Lettre 63 - Schuller à Spinoza (25 juillet 1675)



Au très savant
Et pénétrant philosophe B. de Spinoza,
G. H. Schuller.

Monsieur,

Je rougirais du long silence que j’ai gardé jusqu’à ce jour et pourrais m’accuser de répondre par l’ingratitude à la bienveillance imméritée dont vous m’avez favorisé, si je ne pensais pas que votre généreuse humanité vous incline à excuser plutôt qu’à vous faire accusateur, et si je ne savais que cette même humanité vous engage, pour le bien commun de vos amis, dans des méditations si profondes qu’on serait coupable et condamnable de les troubler sans une cause suffisante. C’est la raison de mon silence ; il me suffisait de savoir entre temps par des amis que votre santé se maintenait bonne. Mais je veux en vous écrivant cette lettre vous donner à savoir que notre très noble ami M. de Tschirnhaus, qui lui aussi en Angleterre se porte bien, m’a chargé trois fois (dans les lettres qu’il m’a envoyées) de vous présenter ses respectueuses salutations et de vous dire qu’il est à votre service et qu’à plusieurs reprises il m’a prié de vous demander la solution de certaines difficultés et en même temps de répondre à la question suivante : vous plairait-il d’établir par une démonstration convaincante mais qui ne fût pas un raisonnement par l’absurde, que nous ne pouvons connaître d’autres attributs de Dieu que la Pensée et l’Étendue, et suit-il de là que des créatures composées d’autres attributs ne puissent en revanche concevoir l’étendue, d’où l’on semblerait devoir conclure qu’il existe autant de mondes que d’attributs de Dieu ? Par exemple à l’existence de notre monde de l’étendue devrait correspondre celle de mondes qui, formés d’autres attributs, auraient précisément autant d’ampleur qu’en a le nôtre, et tout de même qu’en plus de l’étendue nous ne percevons rien si ce n’est la pensée, les créatures de ces autres mondes ne devraient rien percevoir si ce n’est l’attribut dont leur monde est formé et la pensée.
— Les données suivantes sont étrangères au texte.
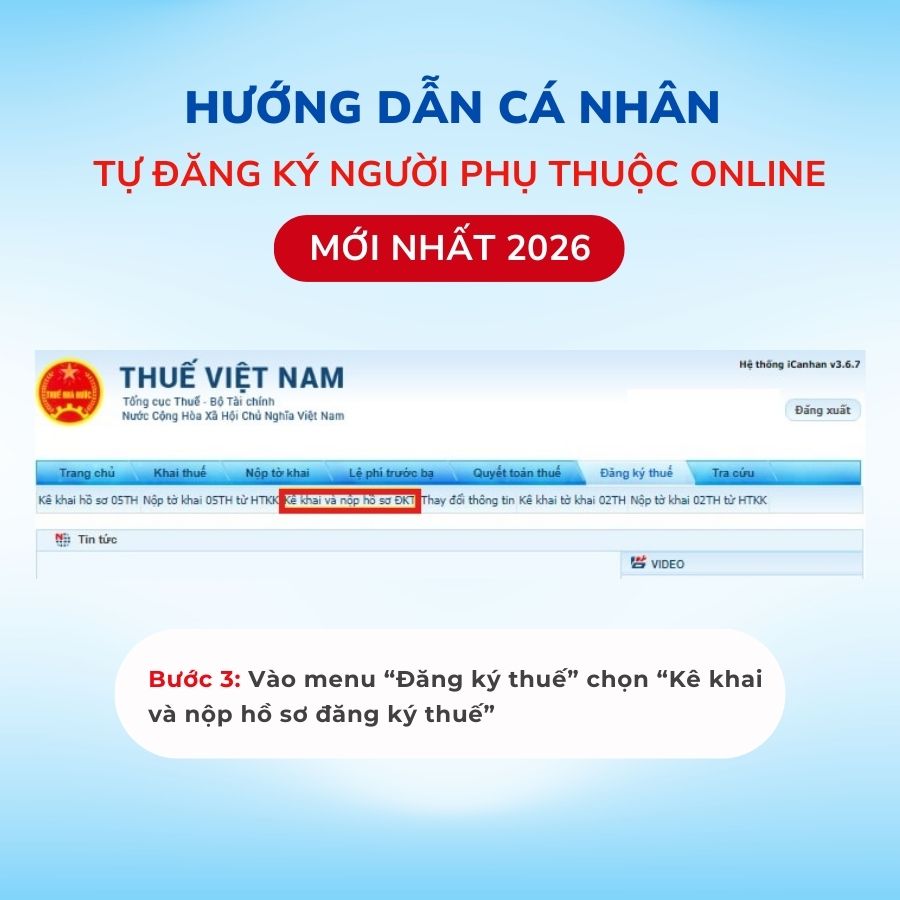 Cá nhân tự đăng ký người phụ thuộc: Điều kiện, cách làm & lưu ý quan trọng 4 Cá nhân tự đăng ký người phụ thuộc trên Thuế điện tử - Bước 3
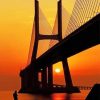 Silhouette Vasco da Gama Bridge paint by numbers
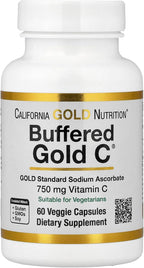 California Gold Nutrition Buffered Gold C, Ascorbato Sódico (Vitamina C), 60 Cápsulas Vegetales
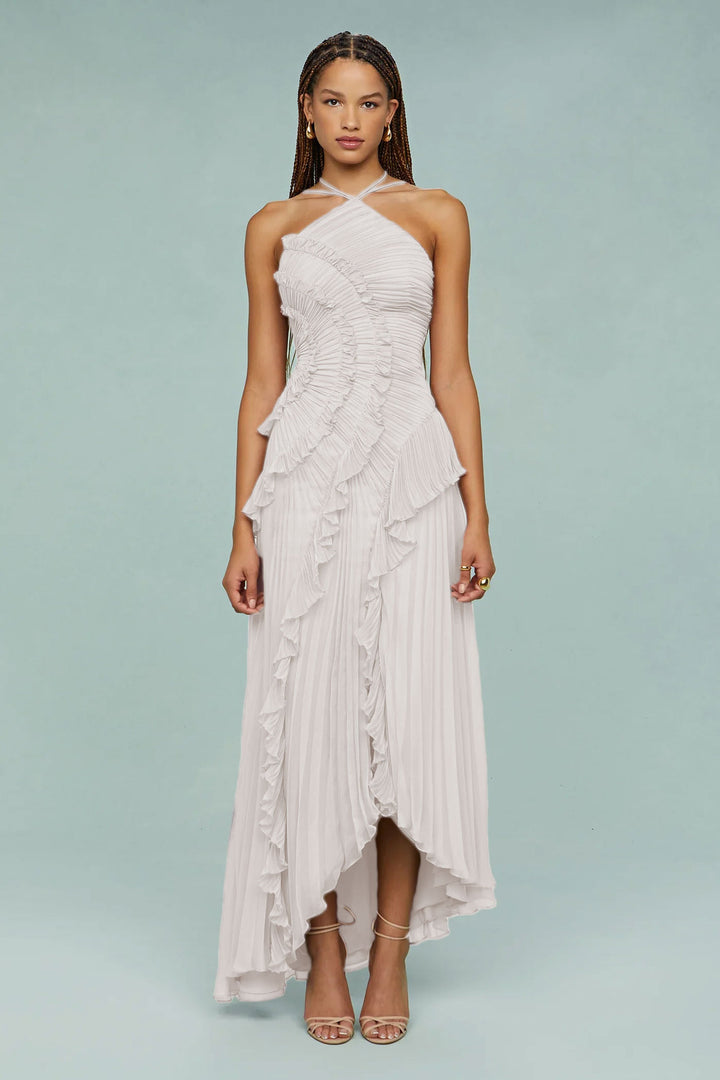 One Shoulder Maxi Dress – Pleated Asymmetric Ruffle Detail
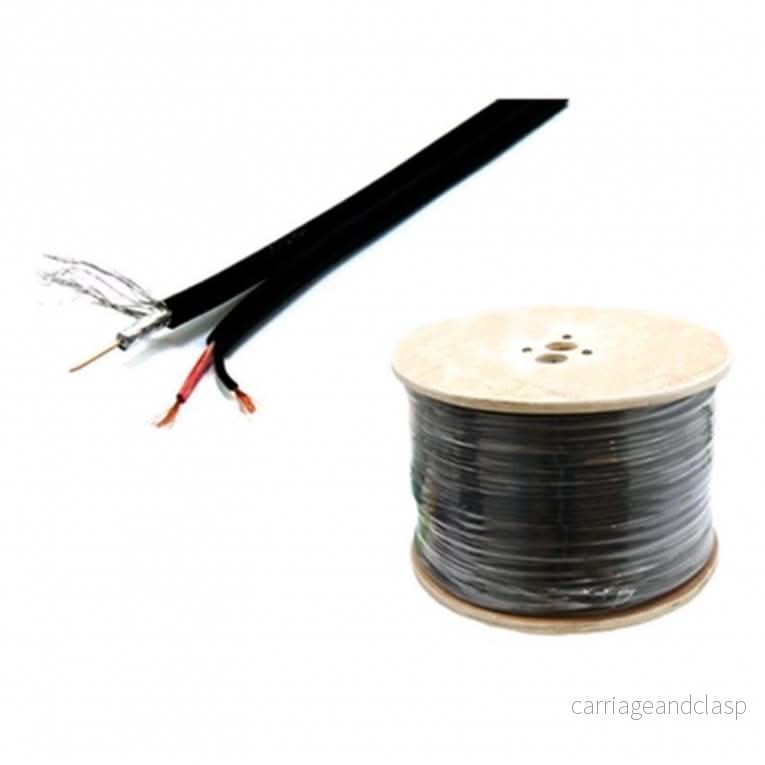 AlarmsystemExpert.co.uk Coax RG59 kombinationskabel med DC strömkabel, 250 meter AlarmsystemExpert.co.uk Coax RG59 kombinationskabel med DC strömkabel, 250 meter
En second lieu puisque l’entendement de Dieu diffère du nôtre tant par l’essence que par l’existence, il n’aura donc rien de commun avec notre entendement et en conséquence (par la proposition 3 du livre I) ne peut être cause du nôtre.

Troisièmement, vous dites dans le scolie de la proposition 10 que s’il y a quelque chose de clair dans la nature, c’est que tout être doit être conçu sous quelque attribut (cela je le perçois très bien) et que, plus il a de réalité ou d’être, plus nombreux sont les attributs lui appartenant. Il semblerait qu’on dût conclure de là qu’il y a des êtres ayant trois, quatre attributs ou davantage, alors qu’il ressort de vos démonstrations que tout être se compose de deux attributs seulement, à savoir un certain attribut de Dieu et l’idée de cet attribut.
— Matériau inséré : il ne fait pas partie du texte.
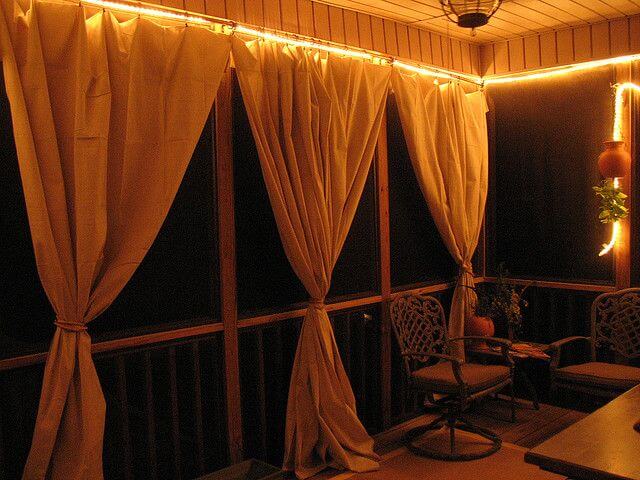 Creative Lighting with Curtains for Outdoor Elegance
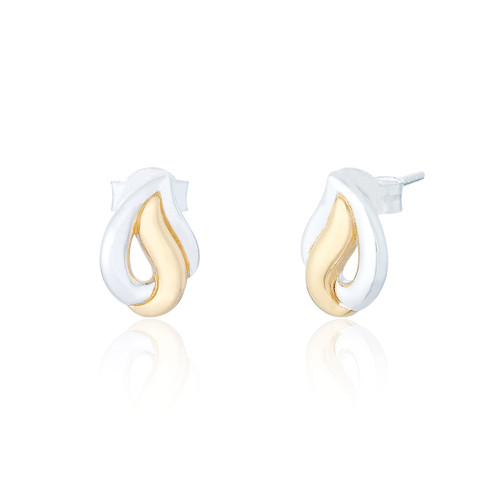 Himari Teardrop Stud Earrings - Mixed Metal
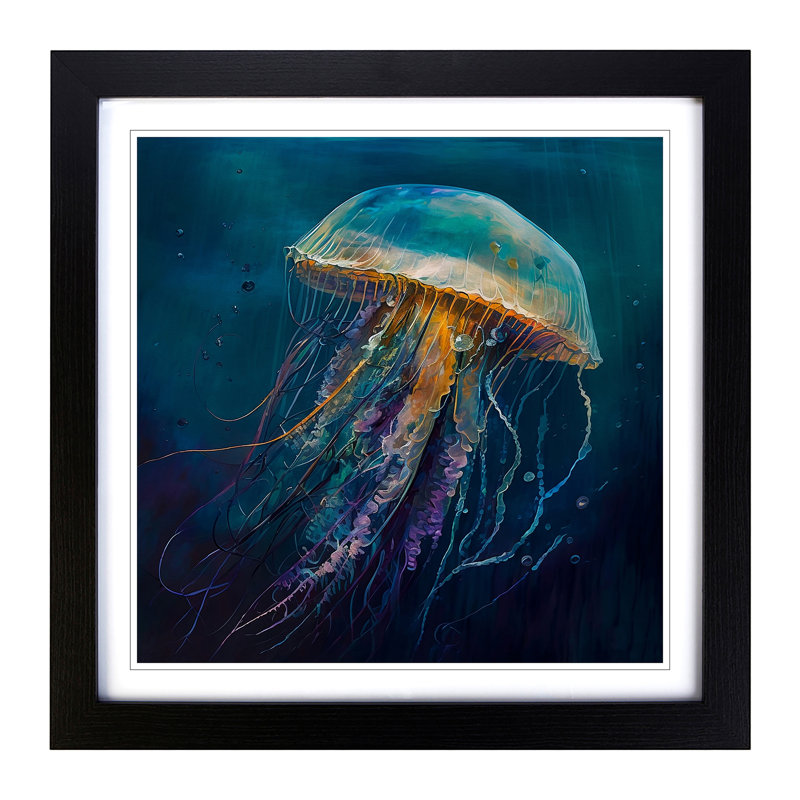 Jellyfish Palette Knife Painting - Single Picture Frame Print on Wood, Black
Quatrièmement, je voudrais avoir des exemples de ces choses qui sont produites immédiatement par Dieu, et de celles qui le sont par une modification infinie. Du premier genre me semblent être la pensée et l’étendue, des deuxièmes l’entendement dans la pensée et le mouvement dans l’étendue, etc. [1]
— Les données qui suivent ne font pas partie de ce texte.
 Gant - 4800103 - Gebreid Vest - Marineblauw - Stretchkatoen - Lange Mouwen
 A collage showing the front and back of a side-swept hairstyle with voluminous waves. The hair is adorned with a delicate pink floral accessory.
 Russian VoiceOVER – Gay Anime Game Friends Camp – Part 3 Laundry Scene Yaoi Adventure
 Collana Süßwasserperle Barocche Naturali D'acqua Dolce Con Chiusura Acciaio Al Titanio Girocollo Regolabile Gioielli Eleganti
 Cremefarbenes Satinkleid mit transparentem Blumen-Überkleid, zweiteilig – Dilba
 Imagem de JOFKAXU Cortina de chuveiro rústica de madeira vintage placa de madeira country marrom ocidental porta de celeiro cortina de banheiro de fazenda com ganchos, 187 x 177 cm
Tels sont les points sur lesquels notre ami Tschirnhaus désire obtenir quelques éclaircissements de votre haute science si toutefois vous avez le loisir de les donner. Il ajoute que MM. Boyle et Oldenburg ont pour vous la plus grande considération et que lui-même non seulement [ne] cherche [pas] à la diminuer mais à donner des raisons de l’accroître. Ce n’est pas seulement de votre personne qu’en conséquence ils ont l’opinion la plus favorable, ils font aussi le plus grand cas de votre Traité théologico-politique. Je n’ai pas osé vous en parler par égard pour la règle de vie que vous avez adoptée, mais désire que vous soyez très assuré de l’entier dévouement de votre serviteur

G. H. SCHULLER.
Amsterdam, le 25 juillet 1675.

D., de Gand, vous présente ses respects ainsi que J. Rieu.


[1En marge ici : la figure de la nature entière qui, bien qu’elle varie d’une infinité de manières, demeure toujours la même. Voir scolie de la proposition 13, partie II (La référence est erronée. On trouve le passage visé ici : EII - Proposition 13 - (Lemme 7 - scolie).